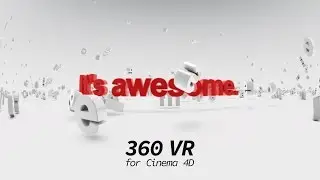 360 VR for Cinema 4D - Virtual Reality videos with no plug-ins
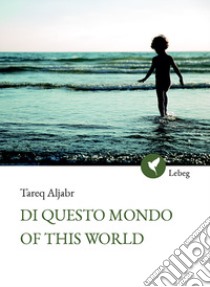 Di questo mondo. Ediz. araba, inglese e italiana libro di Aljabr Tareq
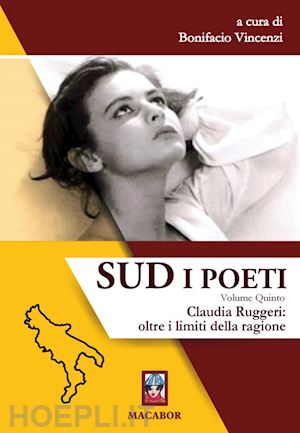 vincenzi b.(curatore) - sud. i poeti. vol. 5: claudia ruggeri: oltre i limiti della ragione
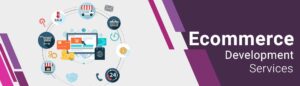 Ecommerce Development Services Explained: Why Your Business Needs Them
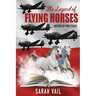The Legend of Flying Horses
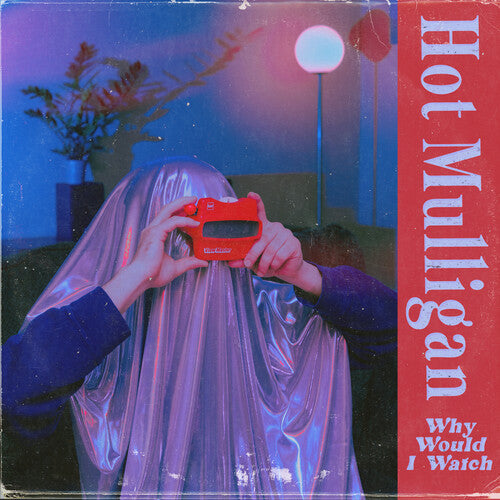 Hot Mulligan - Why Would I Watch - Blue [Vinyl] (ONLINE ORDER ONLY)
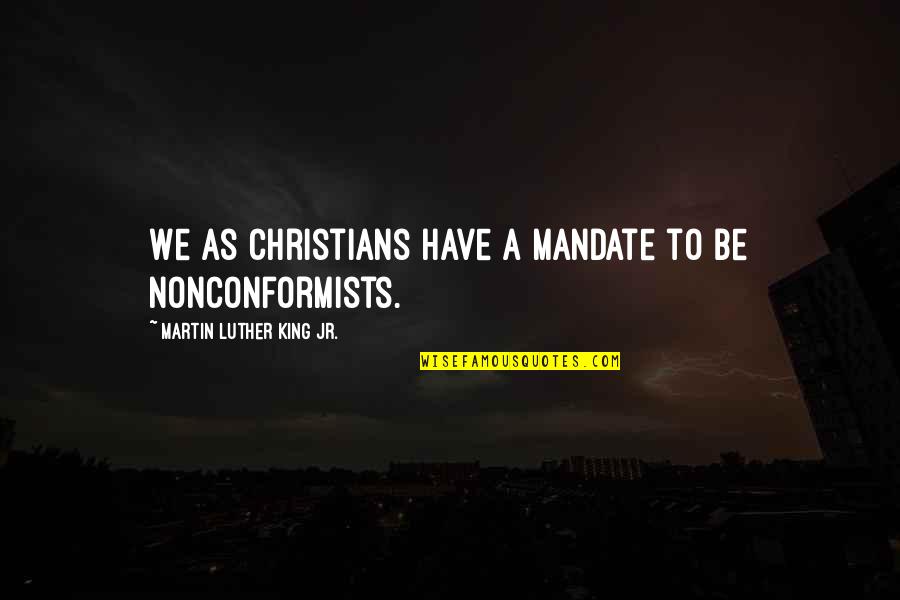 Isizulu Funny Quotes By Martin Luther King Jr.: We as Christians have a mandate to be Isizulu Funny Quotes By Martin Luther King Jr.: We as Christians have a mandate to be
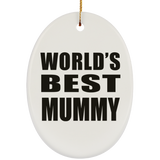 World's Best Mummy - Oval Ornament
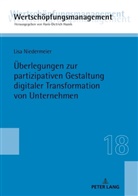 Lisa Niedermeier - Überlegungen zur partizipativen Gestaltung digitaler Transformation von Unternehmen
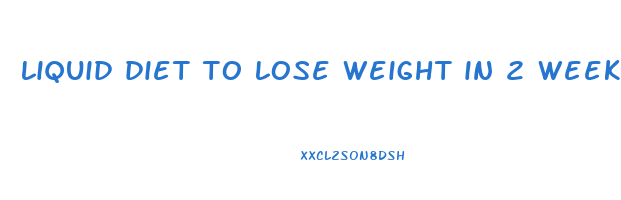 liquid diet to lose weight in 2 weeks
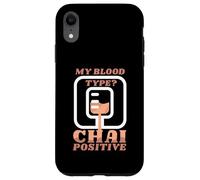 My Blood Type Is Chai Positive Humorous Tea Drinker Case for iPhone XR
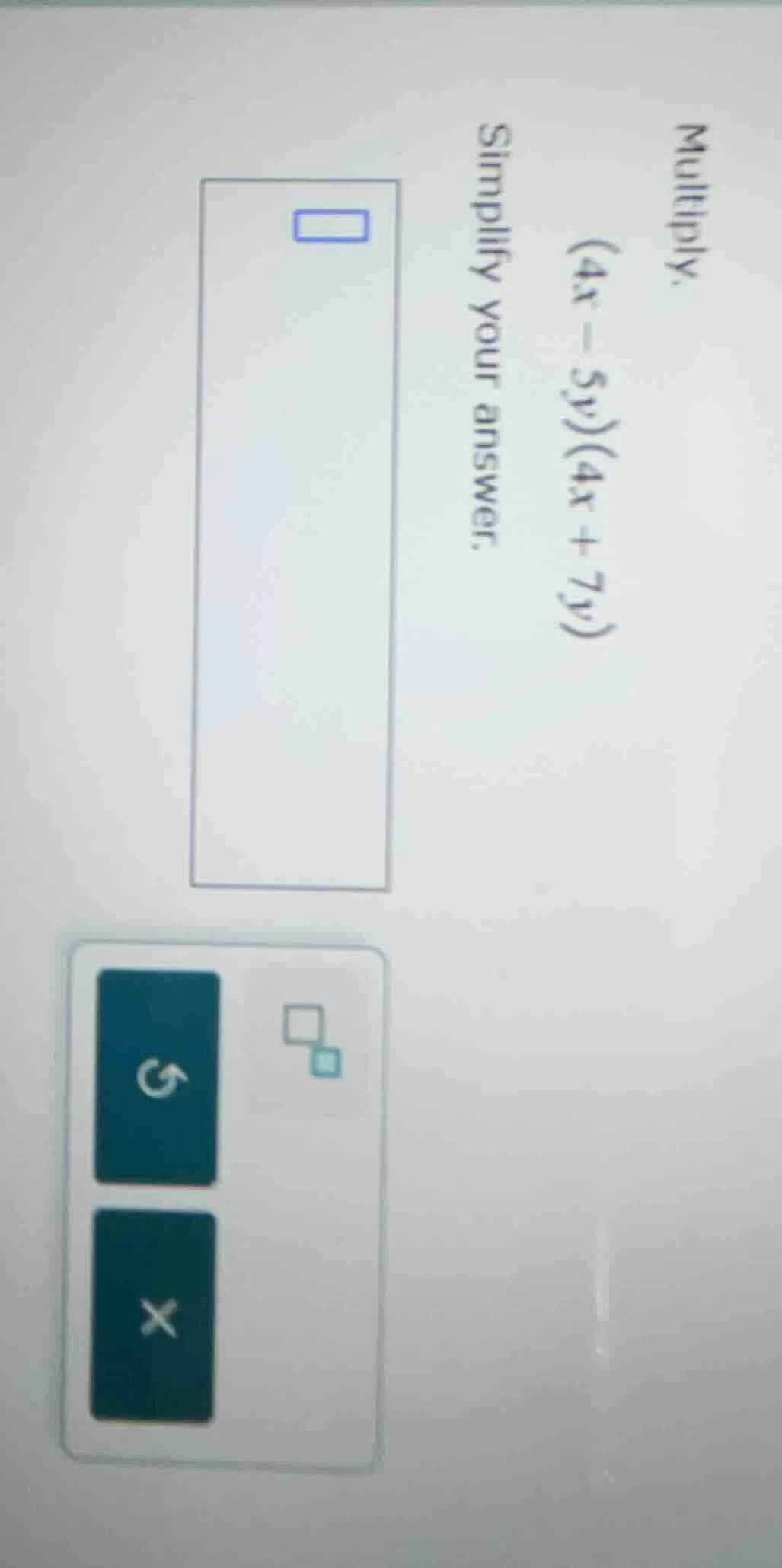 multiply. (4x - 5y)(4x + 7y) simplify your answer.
──────────────────────────────
**Exercise brief:** Copy exactly, and copy nothing else: the lines from the start of the data above through the line that holds "to be Isizulu". The pictures stay out.

**Written answer:**
 360 VR for Cinema 4D - Virtual Reality videos with no plug-ins
 Di questo mondo. Ediz. araba, inglese e italiana libro di Aljabr Tareq
 vincenzi b.(curatore) - sud. i poeti. vol. 5: claudia ruggeri: oltre i limiti della ragione
 Ecommerce Development Services Explained: Why Your Business Needs Them
The Legend of Flying Horses
 Hot Mulligan - Why Would I Watch - Blue [Vinyl] (ONLINE ORDER ONLY)
 Isizulu Funny Quotes By Martin Luther King Jr.: We as Christians have a mandate to be Isizulu Funny Quotes By Martin Luther King Jr.: We as Christians have a mandate to be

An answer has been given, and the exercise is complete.